Work required:
Starting at the line containing "Jesus In Her" and ending at the line containing "Cos COS SHAWL", print every line of the material below exactly, both ends included, and stop there.

Data extract:
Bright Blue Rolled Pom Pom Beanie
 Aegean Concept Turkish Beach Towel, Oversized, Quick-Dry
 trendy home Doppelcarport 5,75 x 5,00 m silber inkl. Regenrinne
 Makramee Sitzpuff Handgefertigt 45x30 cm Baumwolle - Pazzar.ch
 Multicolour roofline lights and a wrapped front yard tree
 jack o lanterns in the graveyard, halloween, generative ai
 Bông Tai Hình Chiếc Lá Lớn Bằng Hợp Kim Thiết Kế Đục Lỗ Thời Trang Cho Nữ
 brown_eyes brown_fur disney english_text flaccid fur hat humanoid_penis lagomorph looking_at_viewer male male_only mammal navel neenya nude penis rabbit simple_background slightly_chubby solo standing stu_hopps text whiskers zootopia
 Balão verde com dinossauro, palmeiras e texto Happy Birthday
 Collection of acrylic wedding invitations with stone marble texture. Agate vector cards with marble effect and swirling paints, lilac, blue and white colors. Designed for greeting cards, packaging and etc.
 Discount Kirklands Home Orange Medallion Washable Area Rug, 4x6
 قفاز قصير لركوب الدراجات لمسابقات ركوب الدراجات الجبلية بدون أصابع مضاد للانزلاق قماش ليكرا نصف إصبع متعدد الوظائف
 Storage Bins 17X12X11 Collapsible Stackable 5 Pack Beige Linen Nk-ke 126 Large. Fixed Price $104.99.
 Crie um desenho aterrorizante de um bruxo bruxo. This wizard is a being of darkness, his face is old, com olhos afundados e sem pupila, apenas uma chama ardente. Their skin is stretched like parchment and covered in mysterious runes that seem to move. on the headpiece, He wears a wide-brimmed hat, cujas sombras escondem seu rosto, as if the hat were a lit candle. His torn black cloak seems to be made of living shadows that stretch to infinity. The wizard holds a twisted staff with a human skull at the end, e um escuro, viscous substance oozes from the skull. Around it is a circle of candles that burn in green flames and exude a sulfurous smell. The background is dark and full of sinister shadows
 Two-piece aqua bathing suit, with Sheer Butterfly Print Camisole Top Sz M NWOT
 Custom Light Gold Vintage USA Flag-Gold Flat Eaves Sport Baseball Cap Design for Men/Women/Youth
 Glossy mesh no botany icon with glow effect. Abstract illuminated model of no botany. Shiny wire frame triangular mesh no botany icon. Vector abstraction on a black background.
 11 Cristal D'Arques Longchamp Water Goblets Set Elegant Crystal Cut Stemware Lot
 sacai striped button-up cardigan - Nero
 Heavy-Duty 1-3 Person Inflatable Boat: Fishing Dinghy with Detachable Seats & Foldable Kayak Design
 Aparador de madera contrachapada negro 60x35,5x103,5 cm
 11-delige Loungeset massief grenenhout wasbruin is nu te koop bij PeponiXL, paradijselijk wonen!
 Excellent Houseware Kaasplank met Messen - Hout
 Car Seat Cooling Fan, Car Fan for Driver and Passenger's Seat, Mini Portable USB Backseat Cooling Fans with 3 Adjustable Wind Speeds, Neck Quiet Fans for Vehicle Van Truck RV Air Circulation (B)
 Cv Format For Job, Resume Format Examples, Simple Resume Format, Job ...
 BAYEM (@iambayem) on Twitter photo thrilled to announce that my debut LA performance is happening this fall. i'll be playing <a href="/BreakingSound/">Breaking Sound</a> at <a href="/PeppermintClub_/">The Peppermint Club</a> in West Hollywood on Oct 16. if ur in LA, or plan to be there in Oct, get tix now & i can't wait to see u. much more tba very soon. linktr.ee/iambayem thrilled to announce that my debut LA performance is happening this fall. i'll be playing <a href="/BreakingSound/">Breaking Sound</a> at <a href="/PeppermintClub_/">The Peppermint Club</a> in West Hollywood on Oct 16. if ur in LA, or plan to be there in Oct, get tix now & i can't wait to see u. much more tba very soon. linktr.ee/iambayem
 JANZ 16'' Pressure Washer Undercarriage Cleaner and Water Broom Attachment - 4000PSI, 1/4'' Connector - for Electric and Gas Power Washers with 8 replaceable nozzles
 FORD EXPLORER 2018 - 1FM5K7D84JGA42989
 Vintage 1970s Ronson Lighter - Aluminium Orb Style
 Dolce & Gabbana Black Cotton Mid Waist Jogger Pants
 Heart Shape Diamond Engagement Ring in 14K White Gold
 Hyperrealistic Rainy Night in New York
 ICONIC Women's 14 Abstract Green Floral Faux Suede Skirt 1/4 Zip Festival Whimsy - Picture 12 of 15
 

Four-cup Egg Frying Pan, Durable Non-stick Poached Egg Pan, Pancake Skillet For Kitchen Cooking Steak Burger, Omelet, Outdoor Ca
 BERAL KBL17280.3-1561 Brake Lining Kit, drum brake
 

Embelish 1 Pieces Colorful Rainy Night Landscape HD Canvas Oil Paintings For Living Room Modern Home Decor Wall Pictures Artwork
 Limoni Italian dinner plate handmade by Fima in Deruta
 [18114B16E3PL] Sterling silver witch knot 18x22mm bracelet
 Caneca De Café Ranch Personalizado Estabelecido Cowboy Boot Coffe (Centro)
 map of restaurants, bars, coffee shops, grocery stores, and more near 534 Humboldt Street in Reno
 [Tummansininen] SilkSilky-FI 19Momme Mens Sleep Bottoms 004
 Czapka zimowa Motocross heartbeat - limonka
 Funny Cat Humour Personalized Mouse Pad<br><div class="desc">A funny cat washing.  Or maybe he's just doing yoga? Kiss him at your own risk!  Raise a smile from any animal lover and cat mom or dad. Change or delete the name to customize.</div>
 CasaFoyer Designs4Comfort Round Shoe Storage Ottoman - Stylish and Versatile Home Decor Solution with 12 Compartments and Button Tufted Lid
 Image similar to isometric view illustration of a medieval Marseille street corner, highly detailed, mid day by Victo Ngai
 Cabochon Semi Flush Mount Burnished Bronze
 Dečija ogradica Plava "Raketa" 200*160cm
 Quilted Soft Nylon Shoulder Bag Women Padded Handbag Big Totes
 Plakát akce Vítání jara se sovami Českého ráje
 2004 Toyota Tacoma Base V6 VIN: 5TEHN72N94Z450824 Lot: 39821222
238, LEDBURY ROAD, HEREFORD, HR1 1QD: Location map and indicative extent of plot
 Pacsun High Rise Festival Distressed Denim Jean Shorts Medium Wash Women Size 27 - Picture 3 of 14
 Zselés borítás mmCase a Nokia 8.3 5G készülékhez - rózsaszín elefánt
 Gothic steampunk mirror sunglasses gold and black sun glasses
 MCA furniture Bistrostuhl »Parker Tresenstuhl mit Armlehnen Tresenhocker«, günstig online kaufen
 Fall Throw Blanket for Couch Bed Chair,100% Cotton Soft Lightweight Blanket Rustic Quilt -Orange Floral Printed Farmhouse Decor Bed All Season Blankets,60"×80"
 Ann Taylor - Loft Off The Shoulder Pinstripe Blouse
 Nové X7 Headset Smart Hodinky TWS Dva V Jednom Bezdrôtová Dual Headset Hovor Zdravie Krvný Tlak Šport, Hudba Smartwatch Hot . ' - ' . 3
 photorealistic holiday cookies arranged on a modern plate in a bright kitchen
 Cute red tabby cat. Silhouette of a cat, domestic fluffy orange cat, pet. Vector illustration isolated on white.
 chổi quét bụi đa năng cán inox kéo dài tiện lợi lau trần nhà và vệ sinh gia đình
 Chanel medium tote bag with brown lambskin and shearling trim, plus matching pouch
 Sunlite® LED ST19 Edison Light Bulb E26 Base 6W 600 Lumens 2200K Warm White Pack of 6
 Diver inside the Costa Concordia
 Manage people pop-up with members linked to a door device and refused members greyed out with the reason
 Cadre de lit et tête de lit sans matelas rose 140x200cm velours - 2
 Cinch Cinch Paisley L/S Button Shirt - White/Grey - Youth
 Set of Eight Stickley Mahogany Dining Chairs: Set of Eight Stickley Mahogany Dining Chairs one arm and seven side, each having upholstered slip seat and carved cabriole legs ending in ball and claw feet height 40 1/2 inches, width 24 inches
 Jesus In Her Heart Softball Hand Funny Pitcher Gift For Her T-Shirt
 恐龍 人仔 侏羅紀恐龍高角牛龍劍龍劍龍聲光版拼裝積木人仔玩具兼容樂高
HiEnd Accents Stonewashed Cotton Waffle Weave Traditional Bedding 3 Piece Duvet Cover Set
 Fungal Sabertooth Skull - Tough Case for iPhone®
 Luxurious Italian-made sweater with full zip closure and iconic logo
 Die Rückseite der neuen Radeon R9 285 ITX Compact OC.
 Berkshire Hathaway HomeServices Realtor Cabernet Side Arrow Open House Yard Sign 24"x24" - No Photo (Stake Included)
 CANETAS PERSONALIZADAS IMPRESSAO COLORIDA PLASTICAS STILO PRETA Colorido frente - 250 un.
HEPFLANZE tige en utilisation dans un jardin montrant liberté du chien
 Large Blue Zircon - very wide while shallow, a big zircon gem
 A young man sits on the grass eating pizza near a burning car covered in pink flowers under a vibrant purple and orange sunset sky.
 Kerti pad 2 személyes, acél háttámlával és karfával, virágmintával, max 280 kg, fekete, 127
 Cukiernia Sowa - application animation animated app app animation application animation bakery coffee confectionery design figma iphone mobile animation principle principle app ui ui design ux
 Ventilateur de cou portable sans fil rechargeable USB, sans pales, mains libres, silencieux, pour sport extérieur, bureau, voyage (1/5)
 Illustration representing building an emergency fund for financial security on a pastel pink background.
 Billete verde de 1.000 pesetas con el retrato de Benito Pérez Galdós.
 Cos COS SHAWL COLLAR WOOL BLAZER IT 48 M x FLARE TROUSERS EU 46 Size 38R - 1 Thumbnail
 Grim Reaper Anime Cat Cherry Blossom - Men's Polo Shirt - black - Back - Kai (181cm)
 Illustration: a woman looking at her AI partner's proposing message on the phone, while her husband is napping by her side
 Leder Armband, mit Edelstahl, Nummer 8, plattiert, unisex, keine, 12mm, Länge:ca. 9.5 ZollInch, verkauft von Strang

Reply:
 Jesus In Her Heart Softball Hand Funny Pitcher Gift For Her T-Shirt
 恐龍 人仔 侏羅紀恐龍高角牛龍劍龍劍龍聲光版拼裝積木人仔玩具兼容樂高
HiEnd Accents Stonewashed Cotton Waffle Weave Traditional Bedding 3 Piece Duvet Cover Set
 Fungal Sabertooth Skull - Tough Case for iPhone®
 Luxurious Italian-made sweater with full zip closure and iconic logo
 Die Rückseite der neuen Radeon R9 285 ITX Compact OC.
 Berkshire Hathaway HomeServices Realtor Cabernet Side Arrow Open House Yard Sign 24"x24" - No Photo (Stake Included)
 CANETAS PERSONALIZADAS IMPRESSAO COLORIDA PLASTICAS STILO PRETA Colorido frente - 250 un.
HEPFLANZE tige en utilisation dans un jardin montrant liberté du chien
 Large Blue Zircon - very wide while shallow, a big zircon gem
 A young man sits on the grass eating pizza near a burning car covered in pink flowers under a vibrant purple and orange sunset sky.
 Kerti pad 2 személyes, acél háttámlával és karfával, virágmintával, max 280 kg, fekete, 127
 Cukiernia Sowa - application animation animated app app animation application animation bakery coffee confectionery design figma iphone mobile animation principle principle app ui ui design ux
 Ventilateur de cou portable sans fil rechargeable USB, sans pales, mains libres, silencieux, pour sport extérieur, bureau, voyage (1/5)
 Illustration representing building an emergency fund for financial security on a pastel pink background.
 Billete verde de 1.000 pesetas con el retrato de Benito Pérez Galdós.
 Cos COS SHAWL COLLAR WOOL BLAZER IT 48 M x FLARE TROUSERS EU 46 Size 38R - 1 Thumbnail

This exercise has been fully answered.